Revenue Stacking for BESS: Fast Frequency Regulation and Balancing Market Participation in Italy

Abstract

Battery energy storage systems (BESS) are considered a relevant flexible resource for supporting the balancing of a RES-penetrated power grid. Since their cost structure is characterized by very high capital costs, it is of utmost importance to ensure efficient and effective operations from a techno-economic perspective. The possibility of services (and revenues) stacking is one of the most discussed optimization solutions. The present work provides a novel approach for BESS modeling, including the stacking of two diverse ancillary services, a dedicated balancing market bidding model, and a state-of-charge management strategy. Fast frequency regulation is proposed as a power-based service, requiring large ramping capability, but asking BESS activation just for a limited amount of time.

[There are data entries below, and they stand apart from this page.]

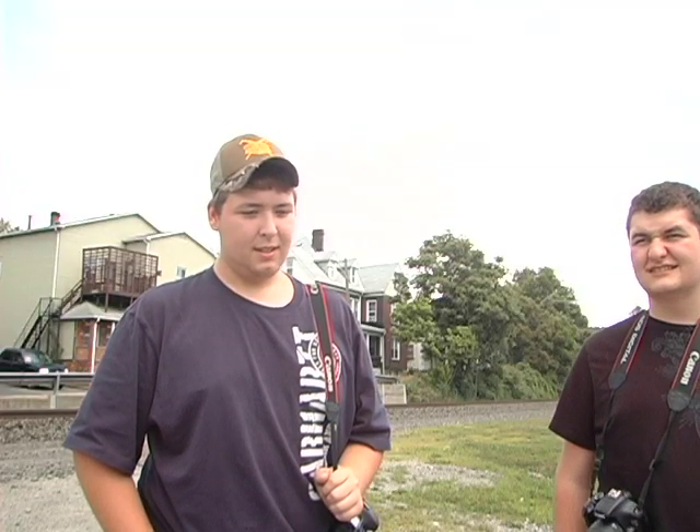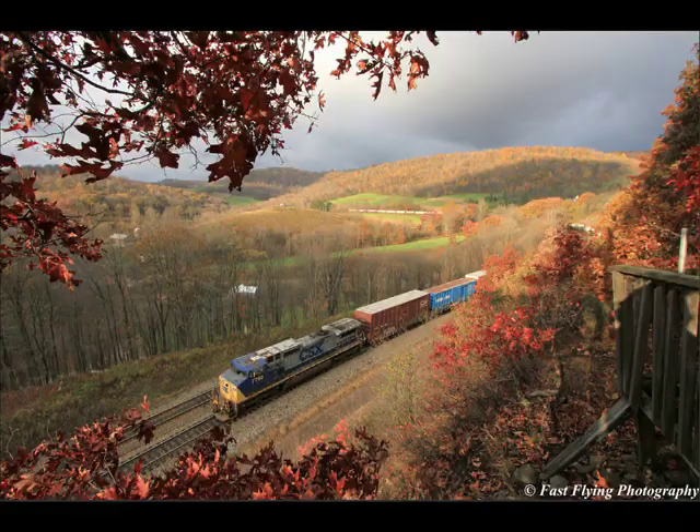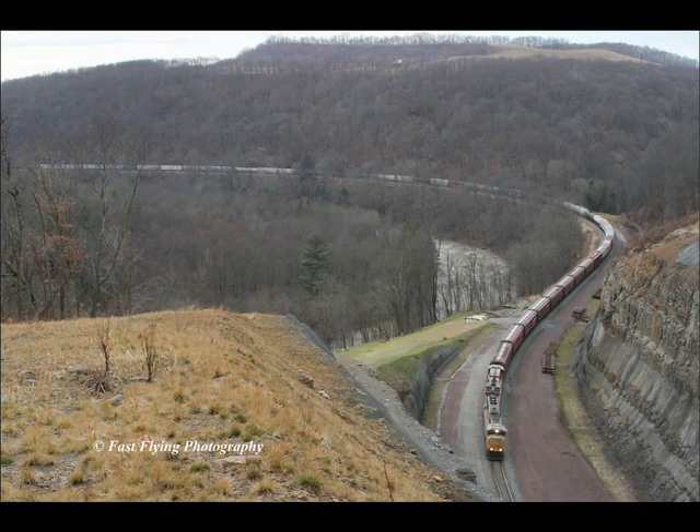Tell me about some of the toughest places you've ever had to go to get a shot. Mance Curve, and a lot of people go there — I'm from Sandpatch. Just last Saturday I was up in Cleveland, went to the top of a building where you could overlook the whole city and shoot trains from there — I think it's the Flatiron building or something. And then places like the back of Horseshoe Curve — you can climb up but it's tough because it's all loose dirt and you're sliding back down.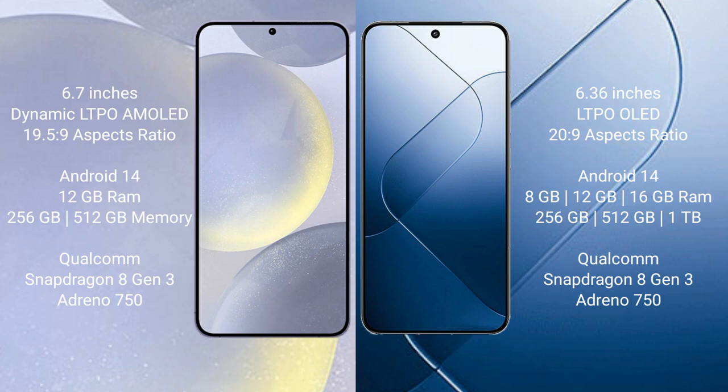Samsung Galaxy S24 Plus comes with 12GB RAM and 256GB or 512GB internal storage, powered by the Qualcomm Snapdragon 8 Gen 3 processor with Adreno 750 GPU. Xiaomi 14 comes with 8GB or 16GB RAM and 256GB or 1TB internal storage, also powered by the Qualcomm Snapdragon 8 Gen 3 processor with Adreno 750 GPU.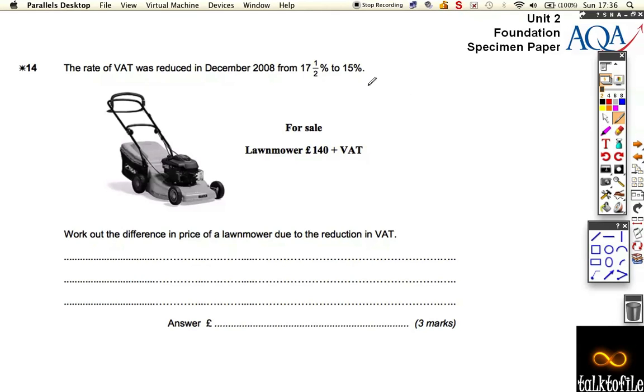Question 14. This star means we just need to make sure we've shown our work correctly and laid it out so it can be understood rather than just leaving an answer. The rate of VAT was reduced in December from 17.5% to 15%. What accounts for the difference in price of a lawnmower due to the reduction of VAT?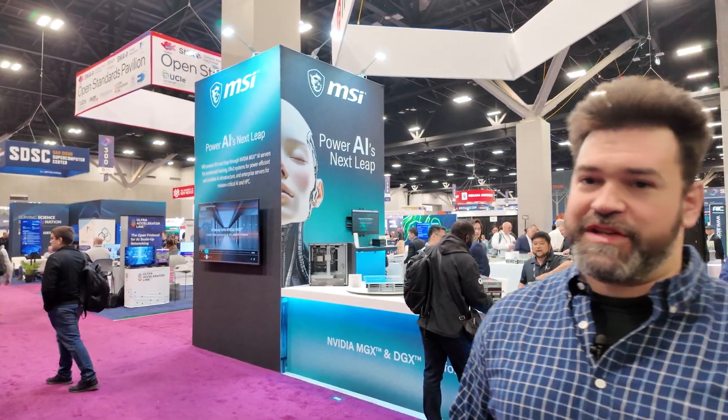Hi, I'm Phillip with MSI. We're here at SC25 in St. Louis, Missouri. So it's all about supercomputers. It is, absolutely. It's a high-performance computing show. We've got a lot of stuff on display here.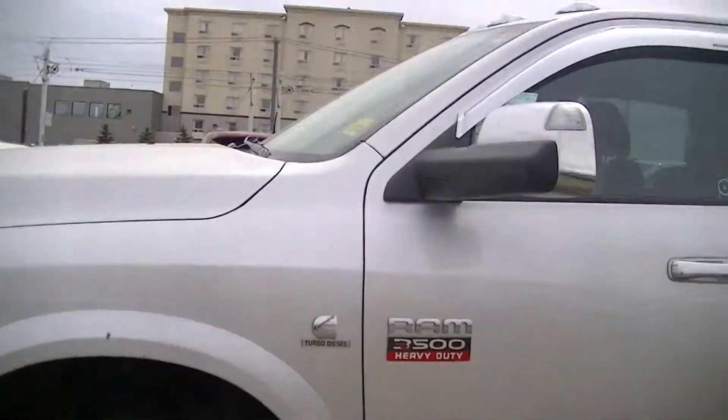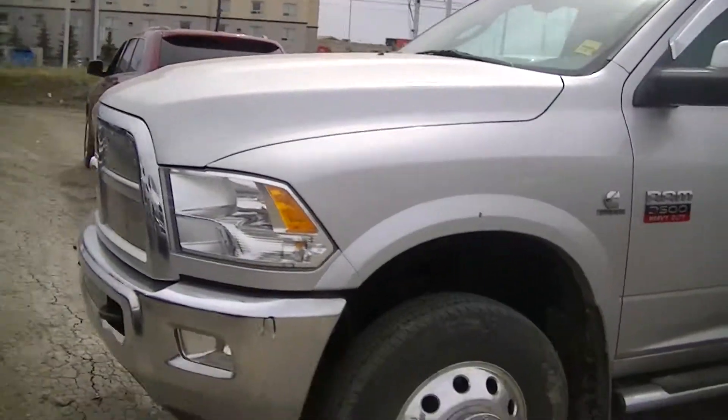Alright, let me know if you have any questions or if you'd like to book a test drive. You can give Jordan a call at 780-473-6388.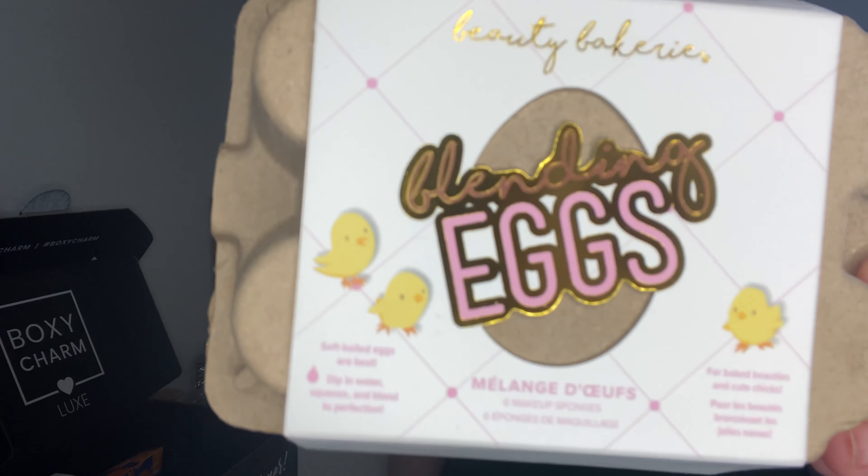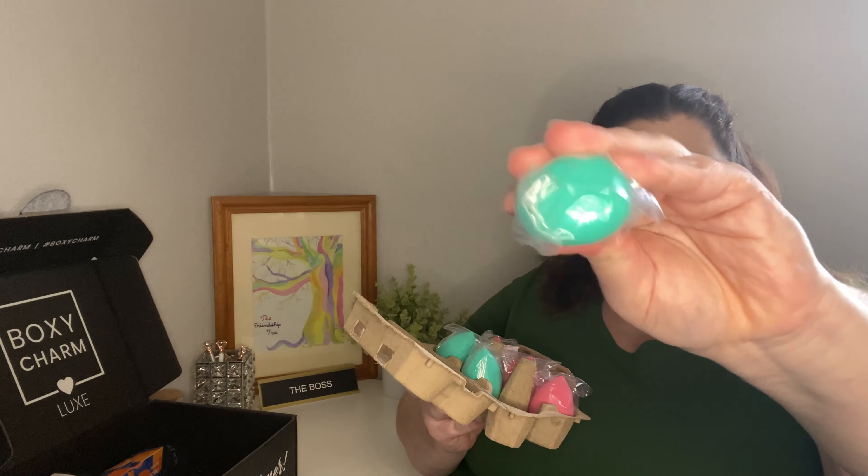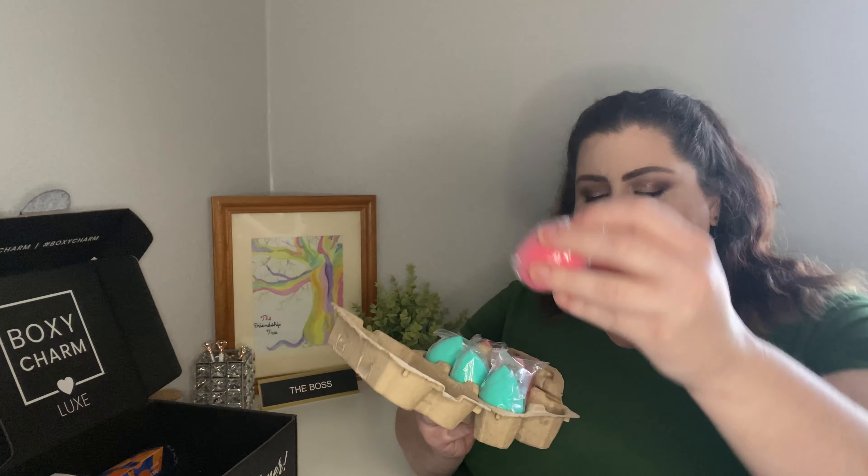Look at how cute this is — it's like an egg carton and it's by Beauty Bakery. That makes sense. They're makeup sponges, really hard to get into, but they each come individually wrapped, which is nice. They're super squishy. There's a teal one and a pink one — that looks like the only difference; the color. Everything else is the same shape and density. I really like those and they are $18. There are six of them, so that's $3 each. You can't beat that — makeup sponges are heck of expensive for no reason.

For the remainder, BESS power can be traded on balancing market (BM): energy-based services, such as tertiary regulation, could be effectively coupled with power-based, fast regulations, increasing the economic attractiveness of investments in BESS. The case of fast reserve (FR), a new high-speed frequency response service proposed by the Italian TSO in Italy, is assessed in this study. FR provision foresees a capacity-based remuneration (k€/MW/year) and requires to ensure 1000 hours per year of availability. After assessing its cost-effectiveness as a stand-alone service, a sequential multiservice strategy is proposed, where BESS provides FR for 1000 hours, while for the rest of the time it is dedicated to the provision of replacement reserve (RR). Performances of BESS are evaluated considering the reliability of the provision, its operational efficiency, and investment’s economics. Performed tests demonstrate how, within the current Italian regulatory framework, the investment’s rate of return improves thanks to the multiservice approach. In particular, while maintaining a proper reliability, the minimum acceptable remuneration from FR yearly auctions decreases by 13%; at the same time, self-dispatching of energy through BM calls reduces the need to purchase energy on day-ahead market and keeps BESS state-of-charge far from saturation regions, thus also increasing its lifetime.